I have a dream that one day we will reach 100% telehealth. I don’t mean that 100% of (outpatient) care is delivered virtually. What I do mean is that if (1) it is clinically appropriate, (2) the patient wants it, and (3) the patient has the technical capabilities, we should be doing telehealth 100% of the time.

But we don’t offer it, because to the clinics and clinicians it makes no difference whether you come in or are virtual. Since they are familiar with in-person, let’s just stick with that.

We don’t offer it, because nobody ever sat down with the clinicians and systematically identified which symptoms or conditions or types of visits are indeed suitable for telehealth.

We don’t offer it, because we think that patients don’t want it (which is mostly more about the physicians’ than the patients’ preference) and we don’t offer them Telehealth TechChecks before the visit, so they are prepared.

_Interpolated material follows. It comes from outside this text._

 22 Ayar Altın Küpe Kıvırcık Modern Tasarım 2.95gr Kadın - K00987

Fee-for-service creates unnecessary visits. Consider urinary tract infections. If you have a history of UTIs and you feel one coming on with classic symptoms, why do you need an office visit? In a value-based system, your provider would simply send the prescription. But in fee-for-service, that visit generates revenue. The system is designed to require in-person encounters even when they add no clinical value.

Or consider follow-up visits to discuss lab results. Why am I driving two hours round-trip to have a physician tell me my cholesterol is high and here’s a prescription? That’s a phone call. It’s a secure message. It’s anything but a reason to burn half a day traveling.

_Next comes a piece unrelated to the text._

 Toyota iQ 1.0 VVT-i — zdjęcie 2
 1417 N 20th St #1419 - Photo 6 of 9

Every system is perfectly designed to get the results it gets. Our system produces fragmentation, inefficiency, and unnecessary in-person visits because that’s what it’s designed to produce.

Equity Is Solvable

Before anyone claims virtual care will deepen health disparities, let’s address the obvious solutions.

Broadband access: Between terrestrial infrastructure and satellite coverage (Starlink and competitors), we can achieve 100% broadband availability in the U.S. This is a political choice, not a technical limitation. For those still limited, cellular is a viable option — even if it means handing out 5G Smartphones for $80 each to those who cannot make it to the clinic.

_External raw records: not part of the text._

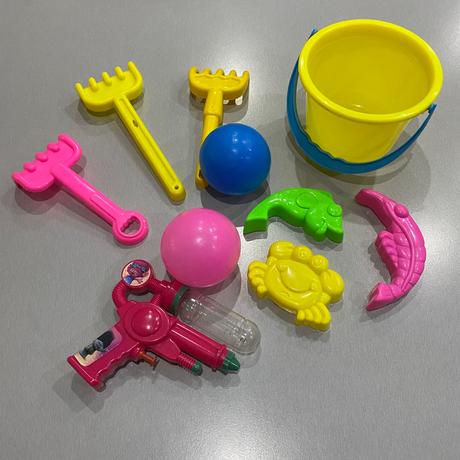 Hračky k vode a do piesku,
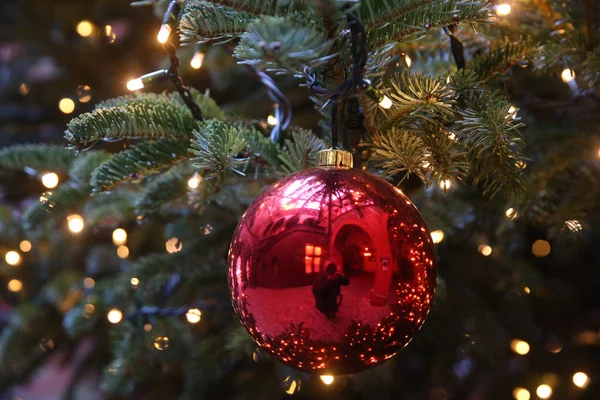 Κοντινό Πλάνο Του Χριστουγεννιάτικου Στολισμού Στο Δέντρο Βασιλεία Ελβετία — Φωτογραφία Αρχείου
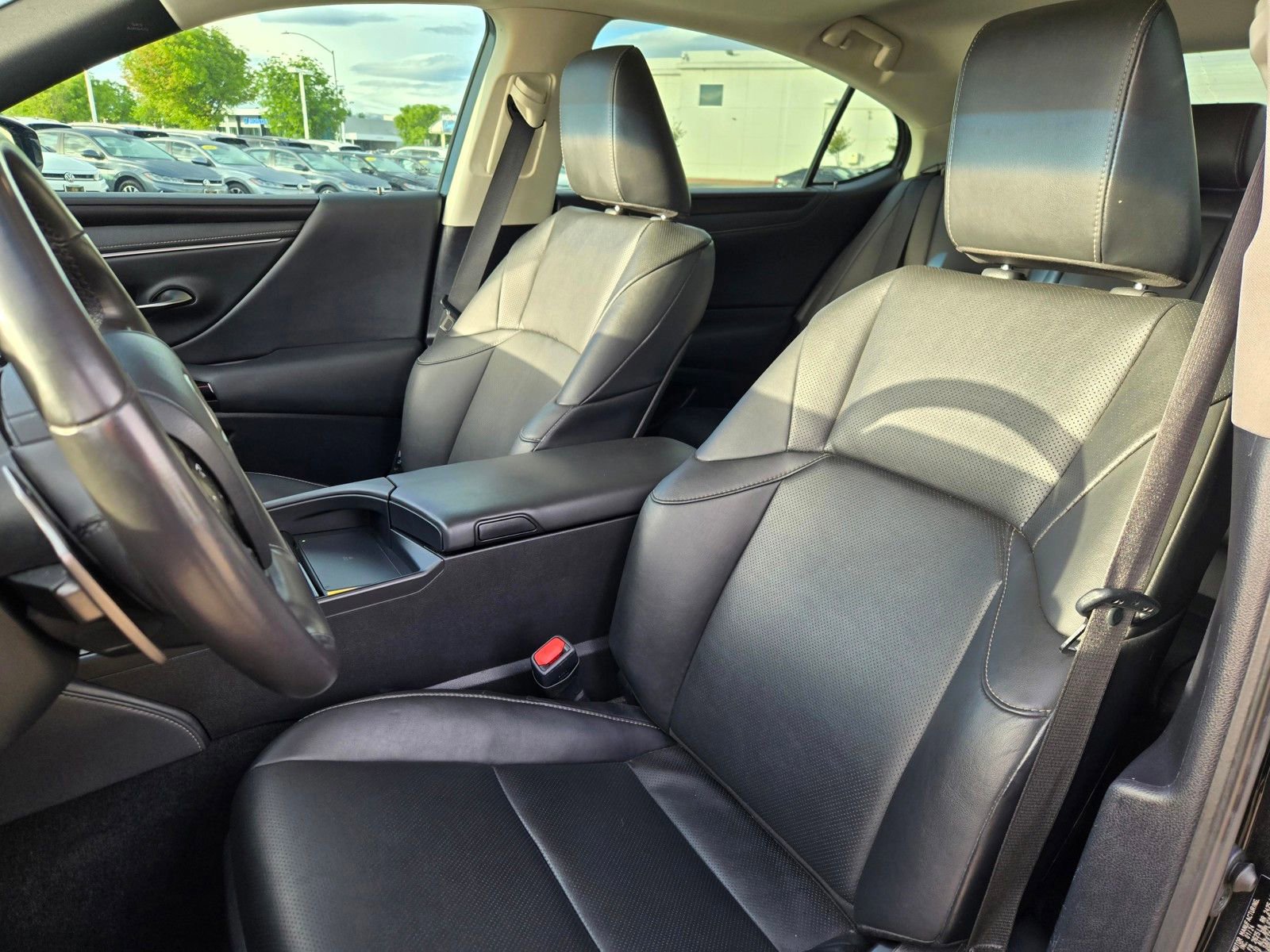 Used 2024 Lexus ES 300h w/ Premium Package image 15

Devices: Insurance companies could provide every patient with a rugged, 10-inch healthcare tablet. These are single-purpose devices — they work for virtual visits and health management only. Production cost is $30-60 at scale. When one breaks, it’s replaced. The cost is trivial compared to the savings from preventing a single ED visit.

Language barriers: Real-time translation is here. You speak Spanish, I respond in German, and we both hear each other in our native languages with natural tone and inflection. Within five years, this won’t even be remarkable — it’ll just be how multilingual communication works.

Digital literacy: The smartphone adoption rate among all demographics — including elderly and low-income populations — proves that when technology solves real problems, people learn to use it. The 75-year-old who “can’t do computers” somehow figured out how to FaceTime with grandchildren during COVID. Technology adoption follows utility.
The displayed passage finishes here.